Morgan Stanley's autocallables on platinum, palladium seen as risky given volatility, prices

By Emma Trincal

New York, Jan. 27 - Morgan Stanley's autocallable notes tied to two precious metals may be risky given the volatility of the underlying basket and the current price levels of one of the basket components - palladium, sources said.

Morgan Stanley plans to price 0% autocallable quarterly review notes due Feb. 6, 2012 linked to an equally weighted basket of platinum and palladium, according to an FWP with the Securities and Exchange Commission.

The notes will be automatically called at par plus an annualized premium of at least 16.2% if the basket level is at or above the initial level on April 28, July 28, 2011 or Oct. 28, 2011. The exact call premium will be set at pricing.

If the notes are not called and the final basket level is greater than or equal to the initial level, the payout at maturity will be par plus a fixed amount that is expected to be at least 16.2% and will be set at pricing.

On the downside, investors receive par if the basket falls by up to 10% and will lose 1.111% for every 1% that it declines beyond the buffer.

Volatile basket

Matt Medeiros, president and chief executive of the Institute for Wealth Management, said that the downside protection offered by the structure may not be adequate based on the historical volatility of the underlying basket.

"We don't invest in specific commodities. We prefer broad indexes," he said.

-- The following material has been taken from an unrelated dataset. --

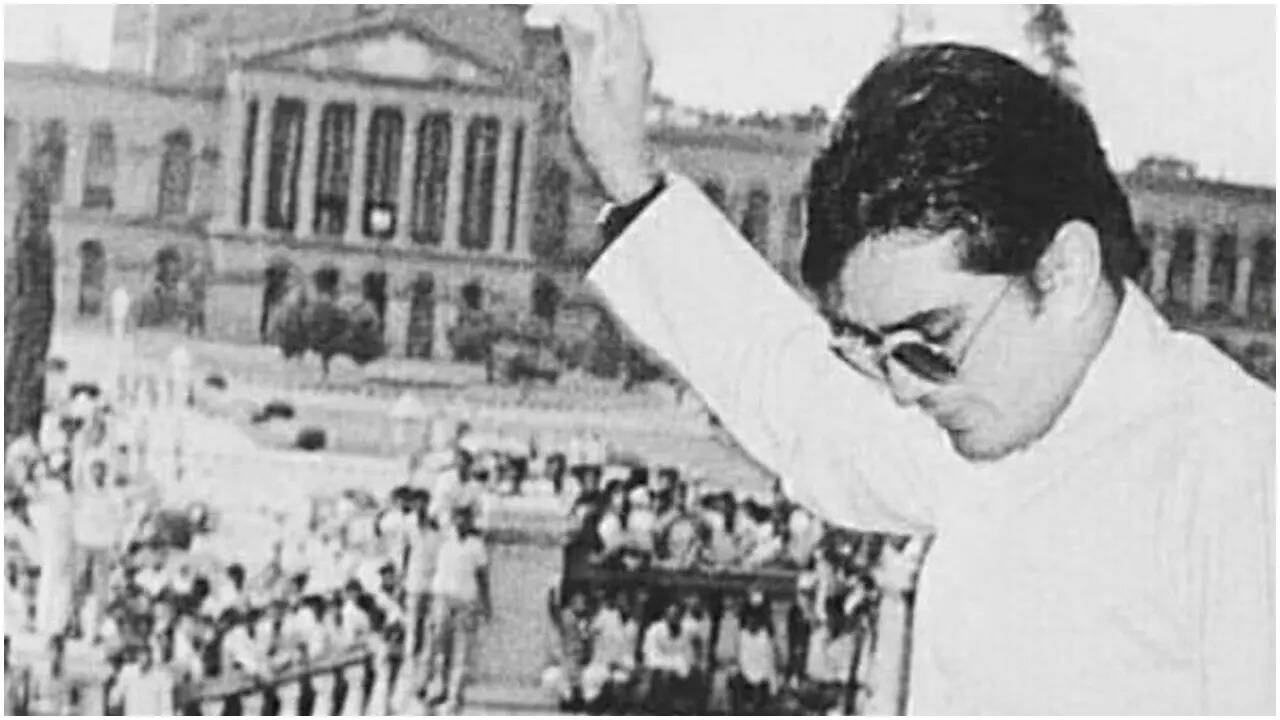 Rare photos of Rajesh Khanna​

"When you look at individual sectors or commodities, you're inherently taking on more risk as you minimize your diversification."

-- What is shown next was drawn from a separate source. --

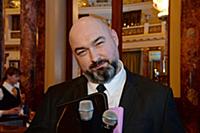 Андрей Гайдель. 75-летний юбилей Льва Лещенко. Рес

A commodity basket concentrated in two precious metals is more volatile and hence involves more risk than a broad equity index, he added.

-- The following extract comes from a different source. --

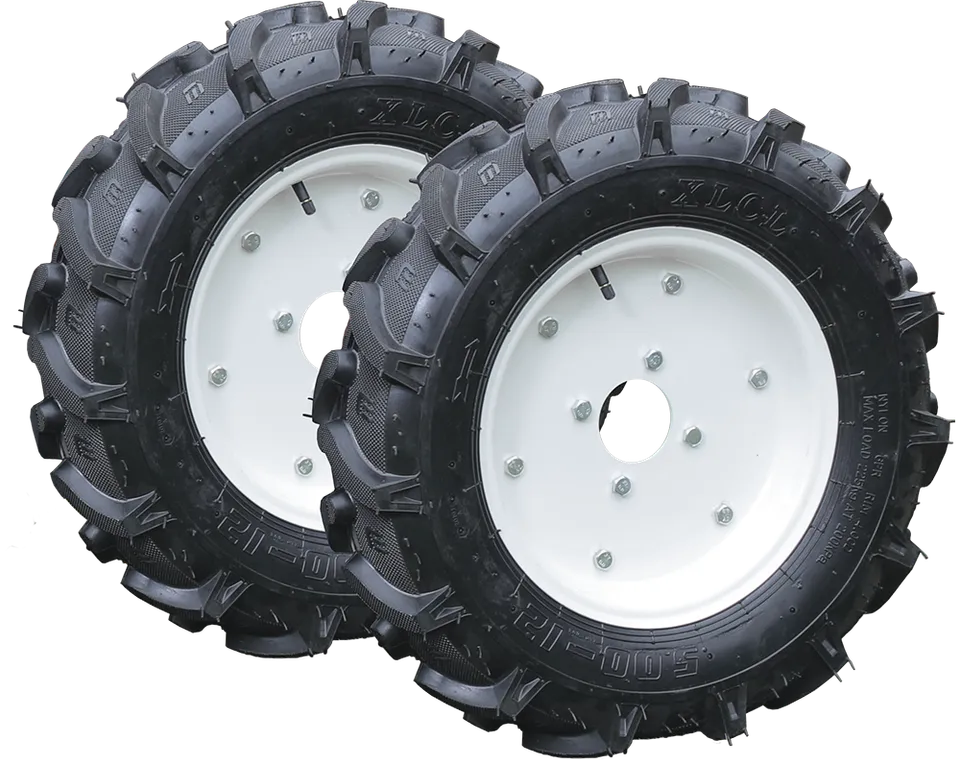 Könner & Söhnen KS RW50 roues pneumatiques 5.00-12 lot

"You're getting the same type of buffer as a [note linked to a] diversified equity index. Meanwhile the underlier has historically maintained a higher standard deviation than the S&P 500. I don't think you get enough protection with these notes," he said.

"In addition, I don't like the downside participation once you hit the buffer. If it goes through the buffer, then your downside participation is pretty penalizing."

The downside leverage factor may cause investors to lose their entire principal, the prospectus warned in its first paragraph.

Palladium run

Another risky aspect of the deal is the recent explosion of the price of palladium, Matthew Bradbard, president of commodity brokerage firm MB Wealth, said.

"You would have asked me in 2009, 2010, I would have been remotely interested in it. But palladium is a concern, being up 500% since the beginning of 2009. You're getting in a basket where half of your investment has topped out. I don't think the upside is sustainable," he said.

"A 10% buffer when you just had a move of 500% doesn't make a hell of a lot of sense."

In addition, this broker noted that "palladium doesn't have the liquidity of gold, copper or silver."

Platinum

Bradbard said that he did not follow platinum. However, he said he was concerned about the cap when it comes to this basket component.

"Platinum peaked in March 2008 at $2,300 then collapsed to $760 in the end of 2008 when everything went to hell. Now it's back up at $1,800. To be capped out at 16% doesn't make much sense," he said.

The notes (Cusip: 617482QV9) are expected to price on Friday and settle on Feb. 4.

Morgan Stanley & Co. Inc., J.P. Morgan Securities LLC and JPMorgan Chase Bank, NA are the agents.